Sur la nouvelle route, la Chine trouvera également de nouveaux gazoducs en Asie centrale et de nouveaux ports en eau profonde, en Asie du Sud, pour étancher durablement sa soif en énergies fossiles.
Ces projets vont aussi imposer le renminbi comme monnaie d’échange internationale, au détriment du dollar. C’est un objectif économique important pour Pékin.
Sur le plan militaire, la réouverture de voies terrestres entre l’Europe et la Chine sert à contourner le détroit de Malacca. Ce goulot d’étranglement de 45 kilomètres de large et 700 kilomètres de long, coincé entre la Malaisie et l’Indonésie, voit passer 90 % du trafic maritime chinois vers l’ouest. Pour paralyser la Chine, il suffirait de bloquer le détroit.
Ces routes terrestres entre l’Europe et l’Asie feraient gagner dix jours, en moyenne, par rapport au transport maritime. Le passage par la Russie, le Kazakhstan et la Biélorussie serait encore plus rapide.
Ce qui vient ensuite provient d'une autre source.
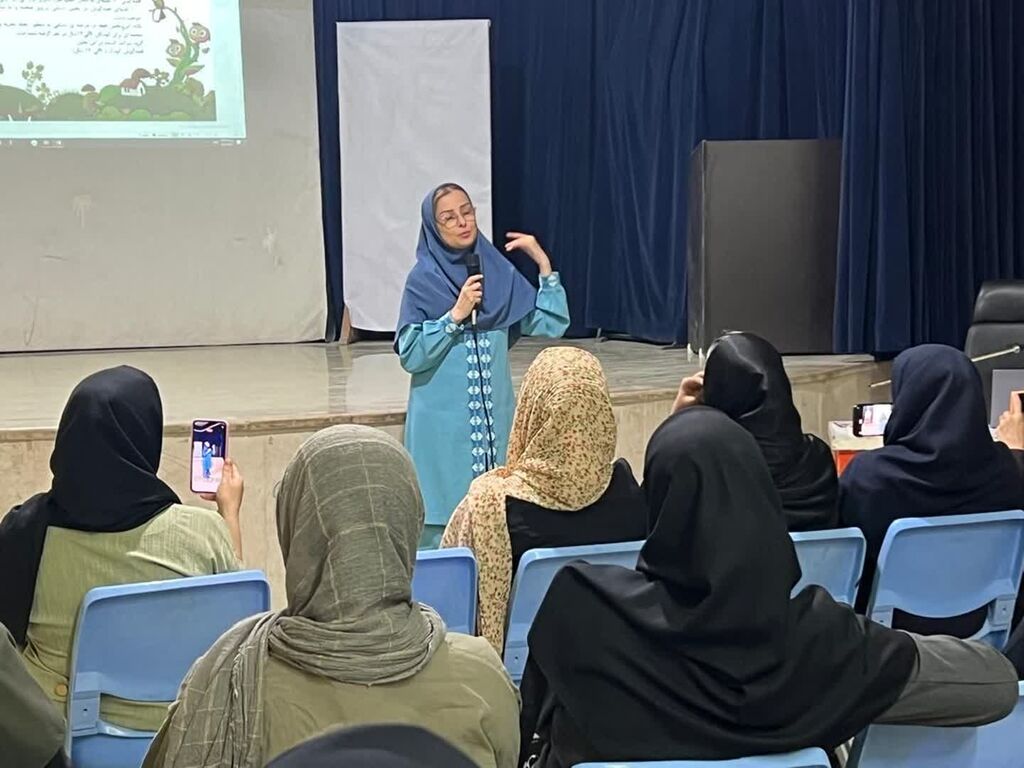 برگزاری کارگاه آموزش قصه و قصه‌گویی ویژه معلمان در مرکز شماره ۴ بندرعباس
Enfin, sur le plan géopolitique encore, la Chine est convaincue que le fait de construire une zone de prospérité économique va étouffer la menace de chaos djihadiste, née de la misère économique, qui menace d’emporter l’Asie et l’Afrique. Un peuple bien nourri peut, selon Pékin, se passer d’idéaux politiques ou religieux.
Après des années de modestie de façade, la Chine est prête à gouverner le monde, c’est ce qu’elle signifie en créant la Banque Asiatique d’Investissement dans l’infrastructure (AIIB), du Fonds de la Route de la soie, de l’Organisation de coopération de Shanghai, des BRICS, du G13 et des forums économiques, tels que le Forum de Boao. La Chine s’était initialement, en apparence, soumise au système de gouvernance mondiale prôné par les Américains. Cette phase a pris fin.
L’Union européenne pourrait embrasser cette nouvelle opportunité de développement avec enthousiasme. Elle y gagnerait en stabilité régionale, en développement économique et diversifierait son approvisionnement énergétique. De plus, l’Inde, le Pakistan, l’Iran, le Kazakhstan sont de nouveaux marchés intéressants pour les entreprises européennes.
Participer à la nouvelle route de la soie serait une bonne occasion de se rapprocher de la Russie et apaiser les tensions. L’Union européenne aurait une occasion unique de formuler ses propres intérêts en collaborant avec la Chine à la création de cette nouvelle route de la soie. Cela deviendrait une initiative sino-européenne, un projet gagnant aux deux extrémités de la route.
Mais l’Europe est aujourd’hui beaucoup trop asservie à Washington pour oser saisir cette opportunité.
La vieille Europe a perdu ses lunettes, elle ne voit plus l’avenir.